Korean J Orthod 2024; 54(6): 374-391   https://doi.org/10.4041/kjod24.051

First Published Date July 26, 2024, Publication Date November 25, 2024

Copyright © The Korean Association of Orthodontists.

Unaccounted clustering assumptions still compromise inferences in cluster randomized trials in orthodontic research

Samer Mheissena , Haris Khanb , Mays Aldandanc , Despina Koletsid,e

aPrivate Practice, Damascus, Syria
bCMH Institute of Dentistry Lahore, National University of Medical Sciences, Lahore, Pakistan
cPrivate Practice, Daraa, Syria
dClinic of Orthodontics and Pediatric Dentistry, Center of Dental Medicine, University of Zurich, Zurich, Switzerland
eMeta-Research Innovation Center at Stanford (METRICS), Stanford University, Stanford, CA, USA

Correspondence to:Samer Mheissen.
Specialist Orthodontist, Private Practice, Damascus 00963, Syria.
Tel +963-15833179 e-mail Mheissen@yahoo.com

How to cite this article: Mheissen S, Khan H, Aldandan M, Koletsi D. Unaccounted clustering assumptions still compromise inferences in cluster randomized trials in orthodontic research. Korean J Orthod 2024;54(6):374-391. https://doi.org/10.4041/kjod24.051

Received: March 19, 2024; Revised: July 10, 2024; Accepted: July 21, 2024

This is an Open Access article distributed under the terms of the Creative Commons Attribution Non-Commercial License (http://creativecommons.org/licenses/by-nc/4.0/) which permits unrestricted non-commercial use, distribution, and reproduction in any medium, provided the original work is properly cited.

Abstract

Objective: This meta-epidemiological study aimed to determine whether optimal sample size calculation was applied in orthodontic cluster randomized trials (CRTs). Methods: Orthodontic randomized clinical trials with a cluster design, published between January 1, 2017 to December 31, 2023, in leading orthodontic journals were sourced. Study selection was undertaken by two independent authors. The study characteristics and variables required for sample size calculation were also extracted by the authors. The design effect for each trial was calculated using an intra-cluster correlation coefficient of 0.1 and the number of teeth in each cluster to recalculate the sample size. Descriptive statistics for the study characteristics, summary values for the design effect, and sample sizes were provided. Results: One-hundred and five CRTs were deemed eligible for inclusion. Of these, 100 reported sample size calculation. Nine CRTs (9.0%) did not report any effect measures for the sample size calculation, and a few did not report any power assumptions or significance levels or thresholds. Regarding the specific variables for the cluster design, only one CRT reported a design effect and adjusted the sample size accordingly. Recalculations indicated that the sample size of orthodontic CRTs should be increased by a median of 50% to maintain the same statistical power and significance level. Conclusions: Sample size calculations in orthodontic cluster trials were suboptimal. Greater awareness of the cluster design and variables is required to calculate the sample size adequately, to reduce the practice of underpowered studies.

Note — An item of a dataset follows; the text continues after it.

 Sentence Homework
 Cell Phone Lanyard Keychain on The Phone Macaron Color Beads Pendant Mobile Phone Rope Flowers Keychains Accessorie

Keywords: Cluster, Trials, Orthodontic, Cluster randomized trials

INTRODUCTION

Randomized controlled trials (RCTs) are considered the cornerstone of evidence-based practice, serving as the gold standard for evaluating the effectiveness and/or safety of an intervention. A key feature of RCTs is the presence of an untreated control group followed up in parallel with the intervention group. In a simple parallel-arm design, the randomization is implemented at the participant level; the number of analyzed units equals that of the randomized units.1 However, variations in design may lead to differences between analyzed and randomized units.2 For example, researchers may randomize a group of individuals rather than one individual to receive an intervention.2-4 These groups, known as clusters, can include families, schools, villages, or dental practices. Cluster design has gained substantial interest in orthodontics and dentistry, as roughly one-quarter of published orthodontic trials5 and dental trials6 structured as cluster designs, where a group of teeth from each participant receives the same intervention as a unit of the cluster.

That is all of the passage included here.